Washington: As India tries hard to revive its flagging economy and shore up a rupee in free fall, senior cabinet ministers are wooing American investors with a clear message: India is growth oriented and offers a level playing field.
Finance Minister P. Chidambaram and Commerce Minister Anand Sharma have been networking with government and corporate leaders as also lawmakers, who have of late expressed concerns about India's allegedly restrictive policies, for the last couple of days.
Planning Commission Deputy Chairman Montek Singh Ahluwalia would join them Thursday as the trio addresses US corporate leaders' concerns about the business climate in India at the 38th anniversary leadership summit of the US-India Business Council (USIBC), representing over 350 US companies doing business with India.
Their theme song: India hasn't lost it, it is committed to make the country into a manufacturing hub for the world and is taking a series of steps to ensure a transparent, fair and non-discriminatory investment environment for foreign investors.

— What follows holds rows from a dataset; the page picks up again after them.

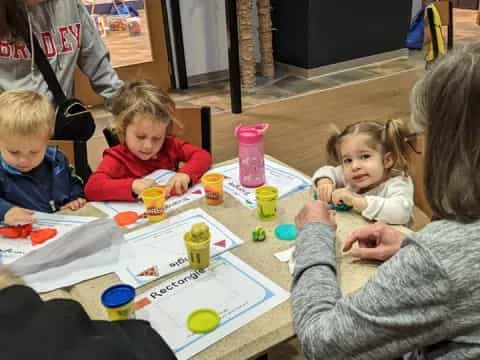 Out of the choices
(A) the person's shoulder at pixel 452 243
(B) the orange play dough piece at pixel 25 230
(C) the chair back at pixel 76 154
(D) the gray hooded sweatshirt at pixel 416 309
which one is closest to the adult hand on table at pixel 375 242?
(D) the gray hooded sweatshirt at pixel 416 309

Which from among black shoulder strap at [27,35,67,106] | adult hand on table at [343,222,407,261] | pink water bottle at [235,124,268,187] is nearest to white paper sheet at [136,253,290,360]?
adult hand on table at [343,222,407,261]

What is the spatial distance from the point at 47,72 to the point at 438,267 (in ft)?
5.65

Chidambaram made the pitch for US investment in India in meetings here Wednesday with Senate Finance Committee chairman Max Baucus and top CEOs of a number of American companies, including Microsoft, Lockheed Martin, Boeing and International Lease Finance Corporation (ILFC).

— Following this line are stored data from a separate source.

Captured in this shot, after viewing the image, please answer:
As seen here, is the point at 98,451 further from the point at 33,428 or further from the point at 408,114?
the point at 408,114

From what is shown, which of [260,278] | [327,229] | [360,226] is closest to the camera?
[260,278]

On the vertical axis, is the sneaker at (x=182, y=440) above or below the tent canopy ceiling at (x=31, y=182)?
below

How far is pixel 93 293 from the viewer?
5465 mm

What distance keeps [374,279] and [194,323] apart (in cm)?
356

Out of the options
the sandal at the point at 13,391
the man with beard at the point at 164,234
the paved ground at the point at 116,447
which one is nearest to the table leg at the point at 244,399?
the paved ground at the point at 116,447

While some concerns have been expressed about the current business environment in India, the policies adopted by the India are pro-growth and compliant with the World Trade Organization (WTO) rules, he told his interlocutors.
Chidambaram asked US companies to set up local manufacturing bases in India, saying "it is in the mutual interest of both countries for India to become a large manufacturing economy".
Meanwhile making a similar pitch in New York Commerce and Industry Minister Anand Sharma asked US corporates to look at India as a long term business and investment opportunity saying India is committed to make itself the manufacturing hub of the world.
In a conversation hosted by the Confederation of Indian Industry (CII) and the US India Business Council (USIBC) Wednesday, he outlined various Indian government policies to invigorate manufacturing and to create the right conditions for inviting investments into the country, according to a CII media release.
While acknowledging that 2012 was a difficult economic year for India, Sharma pointed to the country's strong fundamentals such as thriving domestic demand, a high national investment rate (35 percent) and a high savings rate (31 percent) as factors that will continue to drive economic growth.
Sharma pointed to strong two-way investment flows, with US FDI in India pegged at $32 billion and Indian investments into the US projected to stand at $13 billion.
At the same time, Sharna stressed that partnership is a two-way process and that the imperative of free movement of skilled professionals is an aspect that needs to be recognized and respected.
To highlight the myriad business opportunities open to US and Indian companies, a high powered CII CEOs delegation led by Ajay Shriram, president-designate, CII & senior managing director and chairman, DCM Shriram Consolidated Ltd is accompanying Sharma.